Lexical semantics is the subfield of semantics concerned with the meaning of words and the principles governing the structure of the lexicon.

Scope

The area covers what individual lexical items mean, how their meanings can be analysed and represented, and how words are organized into structured relations such as synonymy, antonymy, and hyponymy. It addresses the internal structure of word meaning (componential analysis, semantic features, prototypes), the systematic phenomena of polysemy and homonymy, and the way verb meanings determine the syntactic frames in which words appear. Lexical semantics sits at the interface between the dictionary (the lexicon) and the grammar, and feeds directly into compositional semantics, since the meaning of a sentence is built in part from the meanings of its words.

Sub-topics

Core questions

  • What is the meaning of a word, and can it be decomposed into smaller components?
  • How are words related to one another through sense relations such as synonymy, antonymy, and hyponymy?
  • How should polysemy (multiple related senses) be distinguished from homonymy and from vagueness?
  • How does the meaning of a verb constrain its argument structure and syntactic behaviour?

Key concepts

  • sense and reference
  • synonymy, antonymy, hyponymy, meronymy
  • semantic features / components
  • lexical field
  • polysemy and homonymy
  • prototype and graded membership
  • selectional restrictions

Key theories

Componential analysis / semantic decomposition
Word meanings are analysed as bundles of more primitive semantic features or components (e.g.
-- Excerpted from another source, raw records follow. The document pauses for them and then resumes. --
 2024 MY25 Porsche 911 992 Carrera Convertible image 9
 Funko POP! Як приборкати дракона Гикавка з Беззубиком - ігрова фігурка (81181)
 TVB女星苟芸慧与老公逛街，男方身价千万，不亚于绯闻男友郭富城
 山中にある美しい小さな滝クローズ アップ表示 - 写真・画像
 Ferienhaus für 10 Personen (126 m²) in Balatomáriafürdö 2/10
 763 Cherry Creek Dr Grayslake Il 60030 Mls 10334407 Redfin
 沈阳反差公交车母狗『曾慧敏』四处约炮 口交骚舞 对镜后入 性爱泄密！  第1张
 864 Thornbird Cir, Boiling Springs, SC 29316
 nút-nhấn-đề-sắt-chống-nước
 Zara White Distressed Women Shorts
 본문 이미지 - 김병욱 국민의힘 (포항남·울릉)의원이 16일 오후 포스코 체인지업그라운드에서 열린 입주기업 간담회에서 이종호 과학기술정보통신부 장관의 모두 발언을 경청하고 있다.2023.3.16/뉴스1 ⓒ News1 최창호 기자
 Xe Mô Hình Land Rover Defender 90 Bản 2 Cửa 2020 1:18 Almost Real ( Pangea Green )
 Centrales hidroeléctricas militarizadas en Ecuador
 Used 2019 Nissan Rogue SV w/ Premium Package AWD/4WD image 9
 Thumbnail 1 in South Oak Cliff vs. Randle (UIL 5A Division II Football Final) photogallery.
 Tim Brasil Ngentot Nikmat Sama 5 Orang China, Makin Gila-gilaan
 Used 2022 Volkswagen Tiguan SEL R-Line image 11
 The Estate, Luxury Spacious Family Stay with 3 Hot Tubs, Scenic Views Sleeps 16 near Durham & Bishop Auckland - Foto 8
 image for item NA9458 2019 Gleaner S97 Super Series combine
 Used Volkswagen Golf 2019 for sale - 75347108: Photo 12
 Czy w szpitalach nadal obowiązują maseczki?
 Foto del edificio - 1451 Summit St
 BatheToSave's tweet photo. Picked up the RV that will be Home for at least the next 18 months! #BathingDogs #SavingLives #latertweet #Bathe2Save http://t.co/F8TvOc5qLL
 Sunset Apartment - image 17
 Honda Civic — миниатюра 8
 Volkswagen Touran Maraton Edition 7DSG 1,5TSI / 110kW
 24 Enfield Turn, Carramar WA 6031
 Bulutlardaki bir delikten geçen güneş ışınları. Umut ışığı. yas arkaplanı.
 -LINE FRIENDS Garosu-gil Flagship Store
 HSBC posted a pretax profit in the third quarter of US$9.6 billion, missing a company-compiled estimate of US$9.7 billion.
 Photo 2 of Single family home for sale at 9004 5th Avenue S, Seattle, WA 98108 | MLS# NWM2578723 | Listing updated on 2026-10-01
MAN = [+human][+male][+adult]), allowing sense relations and entailments to be derived from shared and contrasting features.
Sense-relation (structuralist) approach
The meaning of a lexical item is characterized relationally through its place in a network of sense relations and lexical fields, rather than by reference to the world alone.
Prototype theory of word meaning
Lexical categories are organized around best (prototypical) exemplars with graded membership and fuzzy boundaries, challenging strict necessary-and-sufficient-conditions accounts of meaning.

History

Lexical semantics grew out of nineteenth-century historical semantics (the study of meaning change) and early-twentieth-century structuralist accounts of the lexicon as a system of oppositions, notably the lexical-field theories of Trier and Weisgerber. Mid-century componential analysis, borrowed from phonology and anthropology, sought to decompose word meanings into universal features. From the 1970s, Rosch's psychological work on prototypes and graded category membership reshaped the field, and Levin's studies of verb classes connected lexical meaning to syntactic argument structure.

Debates

Decompositional vs. holistic theories of word meaning
Whether word meanings can be reduced to combinations of semantic primitives, or whether meaning is irreducibly relational or use-based and resists decomposition into features.
Polysemy vs. monosemy and vagueness
Disagreement over how many distinct senses a word really has, and whether apparent senses are stored separately or generated by general principles from a more abstract underspecified meaning.

Key figures

  • John Lyons
  • D. Alan Cruse
  • Eleanor Rosch
  • Anna Wierzbicka
  • Beth Levin

Related topics

Seminal works

  • lyons1977
  • cruse1986
  • murphy2010

Frequently asked questions

What is the difference between polysemy and homonymy?
Polysemy is when a single word has multiple related senses (e.g. 'mouth' of a person and of a river), whereas homonymy is when distinct words happen to share a form (e.g. 'bank' as financial institution vs. riverside). The distinction is often drawn by whether the senses are felt to be related and historically connected.
How does lexical semantics relate to the rest of semantics?
Lexical semantics supplies the meanings of individual words that compositional semantics then combines into phrase and sentence meanings; the two are complementary parts of a full theory of linguistic meaning.